=== Directions ===
Stop after the line containing "Весенние роботы на": print each line exactly from the first line of the listing up to that point.

=== Data provided ===
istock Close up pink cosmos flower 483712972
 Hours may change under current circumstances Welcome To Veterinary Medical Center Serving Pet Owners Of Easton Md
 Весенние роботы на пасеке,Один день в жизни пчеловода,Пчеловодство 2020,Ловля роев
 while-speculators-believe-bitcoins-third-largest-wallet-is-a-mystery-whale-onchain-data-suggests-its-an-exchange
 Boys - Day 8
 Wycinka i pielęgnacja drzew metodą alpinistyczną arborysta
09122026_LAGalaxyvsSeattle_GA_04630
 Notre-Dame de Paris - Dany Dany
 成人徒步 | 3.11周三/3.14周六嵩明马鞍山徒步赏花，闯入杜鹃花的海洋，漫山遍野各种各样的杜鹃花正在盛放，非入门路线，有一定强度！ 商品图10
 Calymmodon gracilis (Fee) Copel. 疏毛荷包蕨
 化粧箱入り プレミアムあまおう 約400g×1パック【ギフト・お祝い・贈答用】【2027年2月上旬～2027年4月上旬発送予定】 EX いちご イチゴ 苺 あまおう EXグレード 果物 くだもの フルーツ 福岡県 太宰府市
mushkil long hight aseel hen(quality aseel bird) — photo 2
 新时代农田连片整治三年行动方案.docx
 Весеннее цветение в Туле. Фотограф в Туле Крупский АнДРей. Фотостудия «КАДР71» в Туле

=== Answer box ===
istock Close up pink cosmos flower 483712972
 Hours may change under current circumstances Welcome To Veterinary Medical Center Serving Pet Owners Of Easton Md
 Весенние роботы на пасеке,Один день в жизни пчеловода,Пчеловодство 2020,Ловля роев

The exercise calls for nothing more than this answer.